What is before us now is the Supplemental Complaint filed by Leovigildo U. Mantaring, Sr. against Judge Ireneo B. Molato, which charges him with harassment. It is alleged that because of the filing of the first complaint against him, respondent Judge Ireneo B. Molato should have inhibited himself from conducting the preliminary investigation of a criminal case considering that the respondents in that case were complainant and his son. Instead, it is alleged, he took cognizance of the case and ordered the arrest of complainant and his son, Leovigildo Mantaring, Jr., out of hatred and revenge for them because of the filing of the first case by the complainant.
The Supplemental Complaint was referred to the Office of the Court Administrator which, in a Memorandum dated 25 November 1994, recommended the dismissal of the case for lack of merit.

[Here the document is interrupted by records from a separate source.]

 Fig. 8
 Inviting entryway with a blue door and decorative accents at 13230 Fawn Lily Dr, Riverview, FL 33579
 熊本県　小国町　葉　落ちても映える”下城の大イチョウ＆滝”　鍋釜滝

Nonetheless, the Court required the respondent Judge Ireneo B. Molato to comment.
In his Comment dated July 6, 1995, respondent judge denies the allegations against him. He avers that on the application by SPO4 Pacifico L. Fradejas, he issued a search warrant which resulted in the seizure from a certain Joel Gamo of a home-made gun, a hand grenade, five live ammunitions for Cal. 38 and three live ammunitions for 12 gauge shotgun; that on August 25, 1993, a complaint for Illegal Possession of Firearms and Ammunition was filed against Joel Gamo in which the herein complainant Leovigildo, Sr. and his son, Leovigildo, Jr., were included; that finding that the house in which the firearms and ammunition had been found was owned by complainant and his son, he concluded that there was probable cause to believe that complainant and his son were guilty of illegal possession of firearms and ammunition and accordingly ordered their arrest. Respondent judge claims that he inhibited himself from the case after he was ordered by the Executive Judge, RTC, Branch 41, Pinamalayan, Oriental Mindoro.

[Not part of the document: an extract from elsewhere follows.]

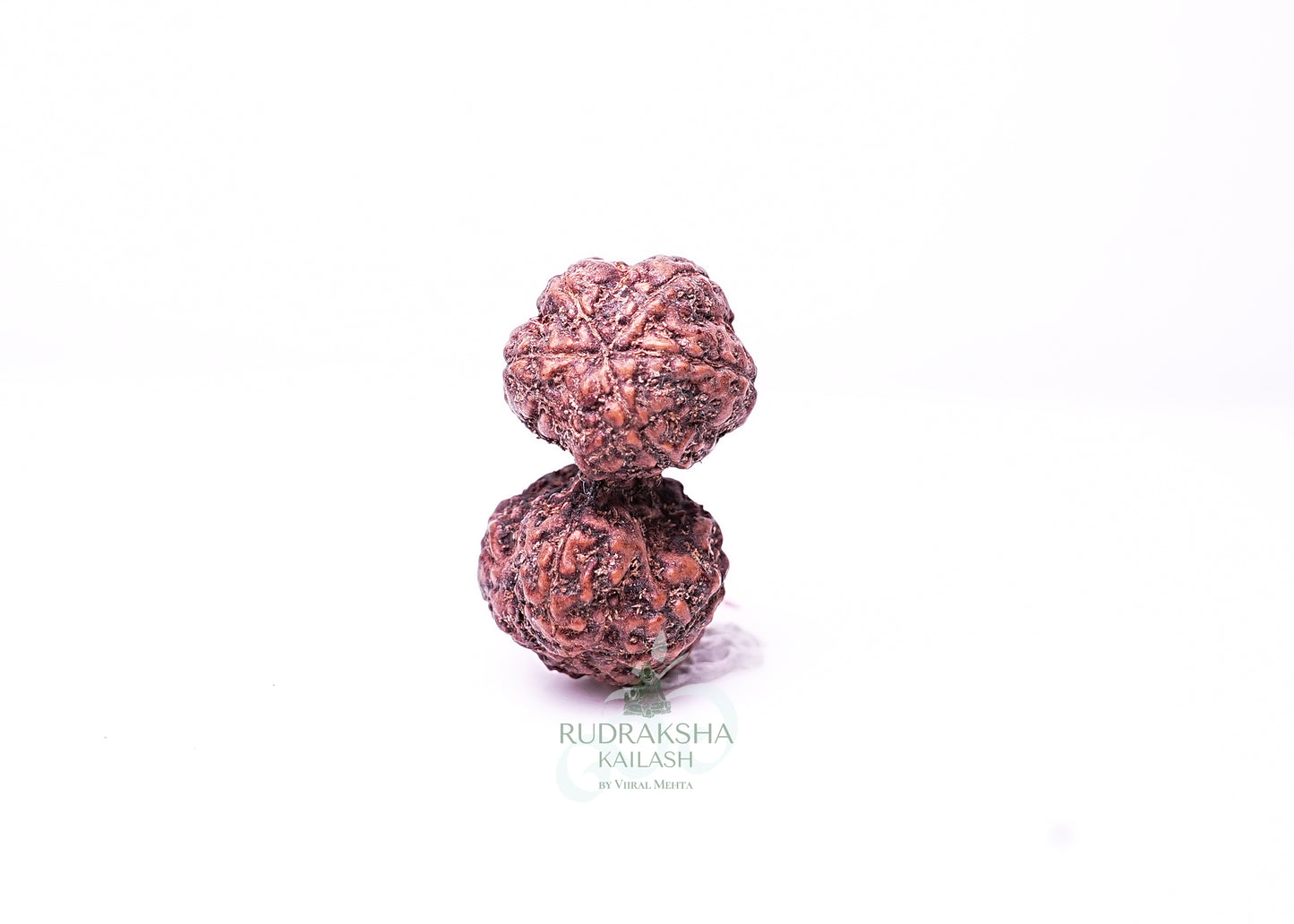 Indonesian Gaurishankar - 02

In his Reply complainant contends that as the search warrant was issued only against Joel Gamo and Mantaring, Jr. it was wrong for respondent judge to find probable cause against him on the theory that, as owners of the house in which the firearms and ammunitions were found, they had constructive possession of the same. He likewise contends that respondent judge did not inhibit himself until after the preliminary examination was terminated and the warrant of arrest issued, and only after complainant had filed a petition for inhibition which the Executive Judge found to be well taken.
On October 16, 1995, this case was referred to the OCA for reevaluation, report and recommendation. On January 12, 1996, the OCA submitted a Memorandum, recommending dismissal of the supplemental complaint for lack of merit, for the following reasons:
To begin with, it cannot be contended that complainant Leovigildo Mantaring, Sr. could not be proceeded against simply because he was not included in the search warrant issued against Gamo and Leovigildo Mantaring, Jr., who is apparently his son. The determination of probable cause in preliminary investigations is based solely on the evidence presented by the complainant, regardless of whether or not the respondent in that case is named in the proceedings for a search warrant. As correctly pointed out by, the OCA,[1] the issuance of a search warrant and of a warrant of arrest requires the showing of probabilities as to different facts. In the case of search warrants, the determination is based on the finding that (1) the articles to be seized are connected to a criminal activity and (2) they are found in the place to be searched. It is not necessary that a particular person be implicated. On the other hand, in arrest cases, the determination of probable cause is based on a finding that a crime has been committed and that the person to be arrested has committed it.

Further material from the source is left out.